Cutting the distribution of the countries' average achievement scores in mathematics and science on the TIMSS scale into three equally sized parts allowed me to define three groups of countries in terms of their performance: low-, medium-, and high-achieving. The three groups of countries created were found to be the same in both school subjects (see tables in Additional file 1: Appendix A). Each group comprised 15 to 17 countries and about 2,300 to 2,500 schools.
At this stage, the focus of the study also shifted from distinguishing among the groups of countries according to the frequency of use of instructional practices (the contextual variables) to distinguishing among them according to the size and type of relationship between these variables and the learning outcomes.

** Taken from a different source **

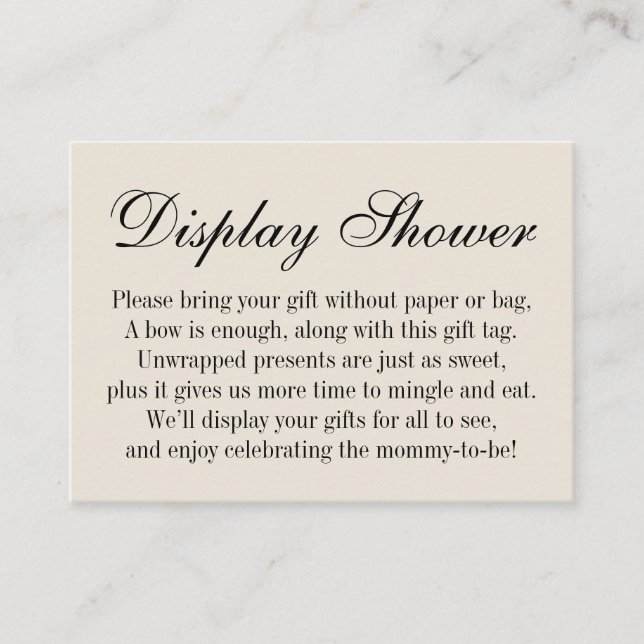 Elegant, Simple No Wrap Baby Shower Cream Enclosure Card (Front)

The research question phrased was, therefore, as follows: Are the relationships between frequent use of certain instructional practices and schools' learning outcomes in mathematics and science similar in the three groups of countries, or do they differ in the different groups? In other words, is there an interaction effect between the frequent use of certain instructional practices and the affiliation of schools with one of the three groups defined above that affects schools' outcomes? I was thus interested not only in delineating teaching practices "that work" (that are positively associated with achievement) but also in investigating whether they "work" similarly in all groups of countries. Hence, I am calling this paper, "What Works Where?"
Using data from international comparative studies provides, as Scheerens claims, an "interesting possibility to establish” whether what works in one country also works in the next. Stated in less popular terms, this question refers to the generalizability of "effectiveness enhancing conditions across countries" (Scheerens, 2004, p. 10).

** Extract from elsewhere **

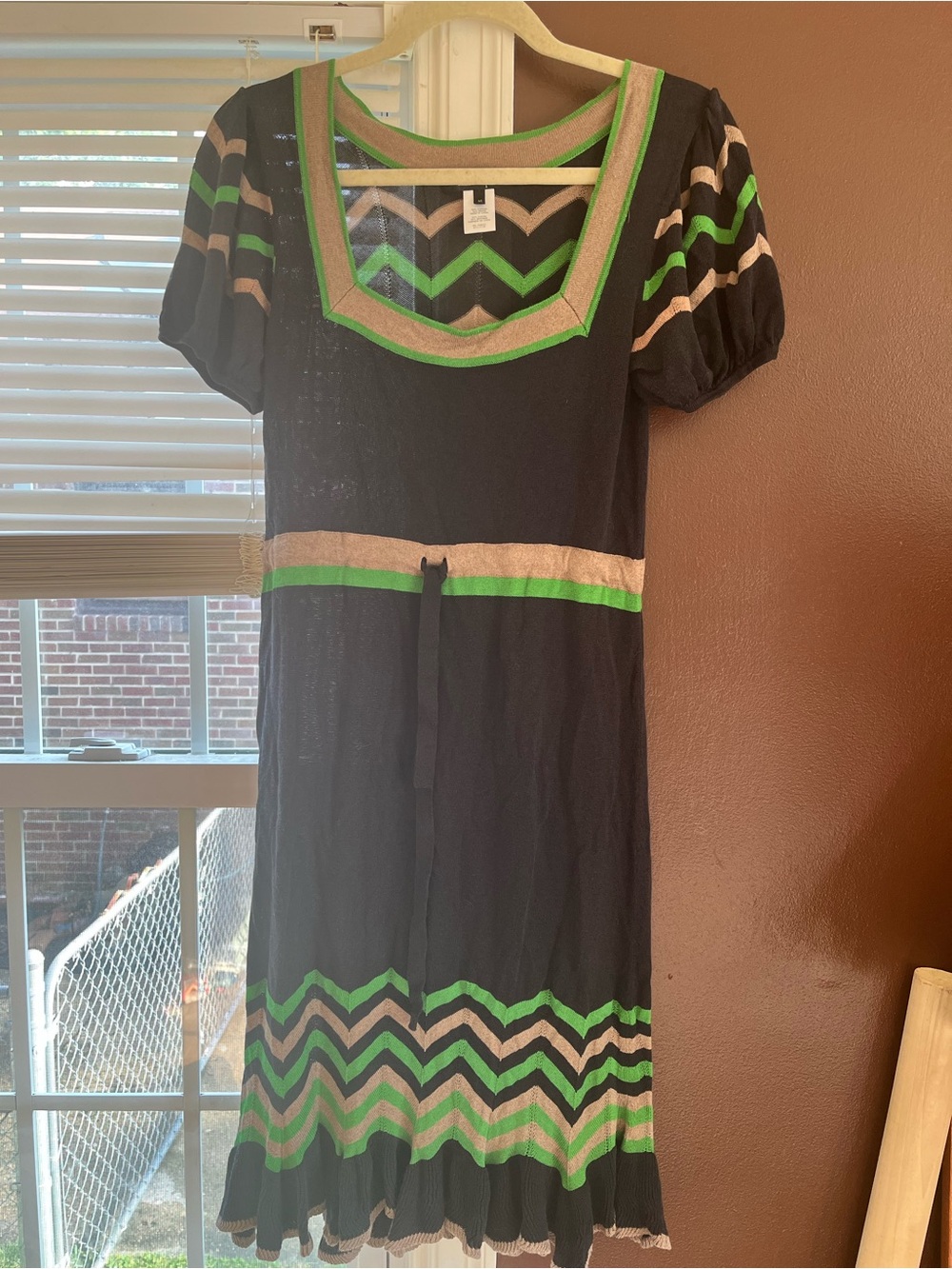 Brown Knit Dress with Green and Tan Chevron Trim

The research question as phrased links this study to the research literature that deals with educational effectiveness or, more specifically, with instructional effectiveness. Most of the studies in this area fall under the category of process-product studies that deal with processes and conditions of teaching that enhance student outcomes (the product). In all studies that follow this line, the relationship between process variables and attainment is explored after controlling for student background variables.

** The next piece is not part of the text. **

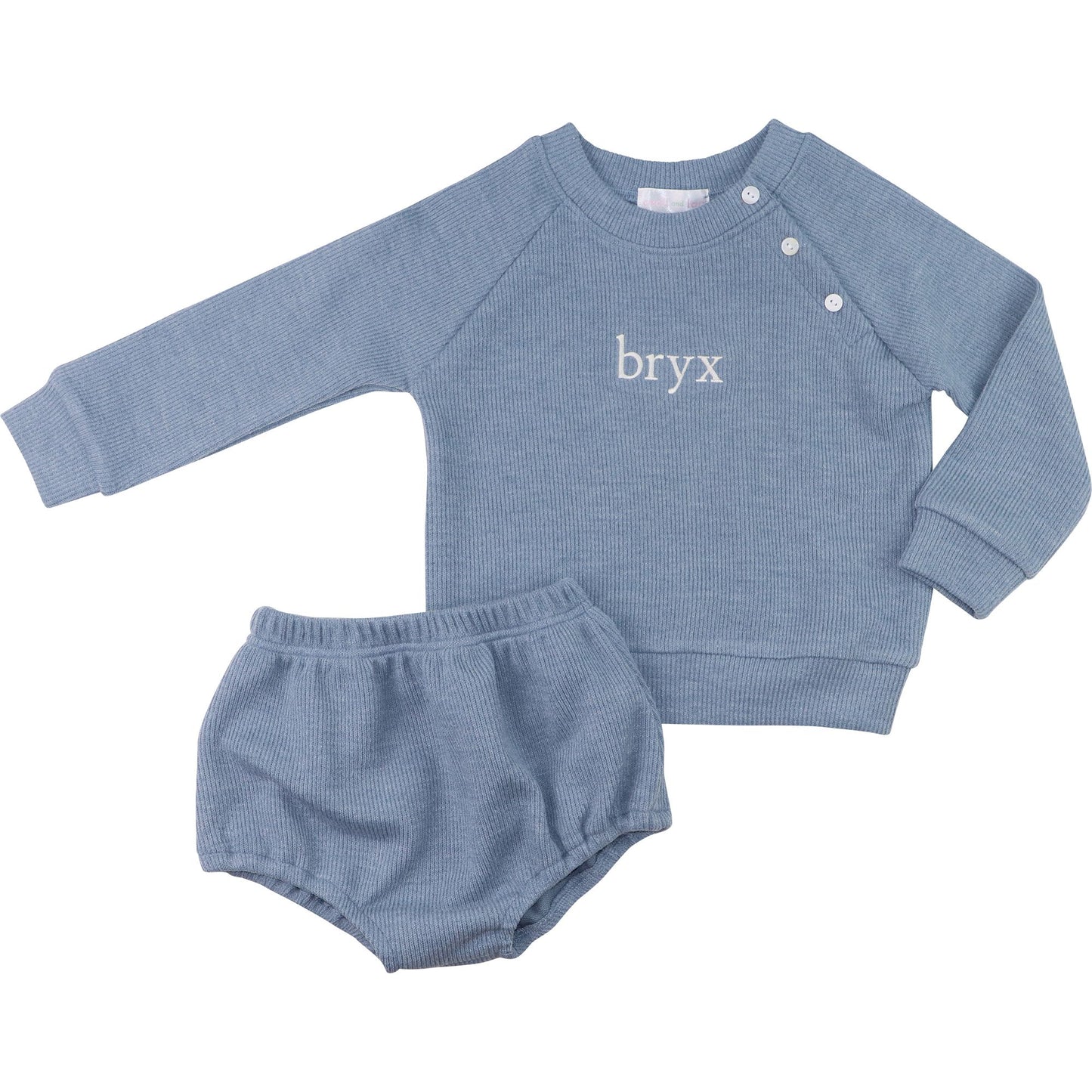 Blue Woven Sweater Button Diaper Set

The hypothesized relationship between processes of instruction and student attainment is rooted in different theoretical models on teaching and learning. Instructional modes that are backed by such theories are referred to as "instructional components" (Seidel & Shavelson, 2007, p. 456). Examples of such component are "Time on Task," a derivative of Carroll's (1963) model of teaching and learning; "Opportunity to Learn," a derivative of Bloom's (1976) model of mastery learning; or "Direct Teaching," borrowed from Doyle's (1985) model of teaching.
Review and meta/mega analyses carried out on the many studies of this type (Brophy & Good, 1986; Creemers, 1994; Fraser et al. 1987, Scheerens, 2000a 2000b; Scheerens & Bosker, 1997; Scheerens, Vermeulen, & Pelgrun, 1989; Seidel & Shavelson, 2007; Stallings, 1985; Walberg, 1984; Wang et al. 1993) highlighted a number of such instructional components associated with achievement with highest effect sizes, such as time on task, structured direct teaching, opportunity to learn, feedback and monitoring student progress procedures, and other variables that were later included in what Scheerens (1990) refers to as the "integrated model of school effectiveness."
The change that occurred in the last decade in learning and teaching theories, due to the new epistemological paradigm of constructivism, introduced new instructional components into the instructional effectiveness framework. These components focus more on students’ active engagement in learning and construction of knowledge in real-world environments than on teachers' teaching behaviors. Among these new components, Seidel and Shavelson (2007) mention the following: "constructive learning," "domain specific," "social learning,” “goal directed and self-regulated” and "evaluative" learning (for detailed description and references, see Seidel & Shavelson, 2007, p. 459–460).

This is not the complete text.